Let us consider that we want to translate an object by $D_{x}$ and $D_{y}$ in x and y respectively. Then we wish to scale it by $S_{x}$ and $S_{y}$ in x and y respectively. For this scenario, consider a point with coordinates $(0,0)$. This will first be shifted to the coordinates $(D_{x}, D_{y})$. Then scaling it will result its shift to the coordinates $(S_{x}*D_{x}, S_{y}*D_{y})$.
We know that,
TranslatingMatrix $(M_{T}) = \begin{bmatrix}1 & 0 & D_{x} \\ 0 & 1 & D_{y}\\ 0& 0 & 1\end{bmatrix}$
ScalingMatrix $(M_{S})= \begin{bmatrix}S_{x} & 0 & 0 \\ 0 & S_{y}&0\\ 0& 0 & 1\end{bmatrix}$
To find the linear combination of the matrices, we will try the two alternatives: $M_{T}*M_{S}$ and $M_{S}*M_{T}$.
$M_{T}*M_{S} = \begin{bmatrix}S_{x} & 0 & D_{x} \\ 0 & S_{y} & D_{y}\\ 0& 0 & 1\end{bmatrix}$
And,
$M_{S}*M_{T}= \begin{bmatrix}S_{x} & 0 & S_{x}*D_{x} \\ 0 & S_{y} & S_{y}*D_{y}\\ 0& 0 & 1\end{bmatrix} $
For a point $(0,0)$, the translated point must be $(S_{x}*D_{x}, S_{y}*D_{y})$ which can only come from the second matrix $(M_{S}*M_{T})$.
This is the intiutive explanation for why we do this. The technical answer lies in how we represent these matrices and how we have defined multiplication of matrices. Matrix multiplication is defined as each row of the first matrix being multiplied with each column of the second one. This is shown below:
Also, we represent a standard translation matrix as : $(M_{T}) = \begin{bmatrix}1 & 0 & D_{x} \\ 0 & 1 & D_{y}\\ 0& 0 & 1\end{bmatrix}$
If instead, we represented it as $(M_{T}) = \begin{bmatrix}1 & 0 & 0 \\ 0 & 1 & 0\\ D_{x}& D_{y} & 1\end{bmatrix}$, then we would not need to premultiply.
Hence, it is just a matter of technical representation and definition of matrix multiplication which leads to the need for premultiplication
We are interested to find the linear combination of the matrices. In a standard matrix multiplication for an equation like - $A*B=C$, then $A$ must be an $n × m$ matrix and $B$ must be an $m × p$ matrix.

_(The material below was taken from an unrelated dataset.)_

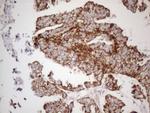 MAVS Antibody in Immunohistochemistry (Paraffin) (IHC (P))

Their matrix product $C$ will be an $n × p$ matrix.
To facilitate linear multiplication of several transformation matrices, we add the third row with values $(0,0,1)$. This makes each matrix a $3 x 3$ square matrix which can be infinitely concatenated with other $3 x 3$ transformation matrices without losing its shape.
By doing this, we are essentially referring to a 3D space in which the transformations are happening. For the sake of convenience, a plane at $Z = 1$ is chosen, thus leading to the values $(0,0,1)$. Since the $X-Y$ plane itself is situated at $Z = 1$, its easy to see that any point $(x, y)$ in the $X-Y$ plane will be $(x, y, 1)$ in the 3D space.
Thus, finding point transformations is now simple. Let us consider the transformation matrix, $M = \begin{bmatrix}M_{11} & M_{12} & M_{13} \\ M_{21} & M_{22} & M_{23}\\ 0& 0 & 1\end{bmatrix}$ and find transformation for $(x, y)$.
$\begin{bmatrix}x \\ y \\ 1\end{bmatrix} * \begin{bmatrix}M_{11} & M_{12} & M_{13} \\ M_{21} & M_{22} & M_{23}\\ 0& 0 & 1\end{bmatrix} = \begin{bmatrix}x*M_{11} + y*M_{12} + M_{13} \\ x*M_{21} + y*M_{22} + M_{23} \\ 1\end{bmatrix} = \begin{bmatrix}x' \\ y' \\ 1\end{bmatrix}$
In this way, we can find the transformed point $(x', y')$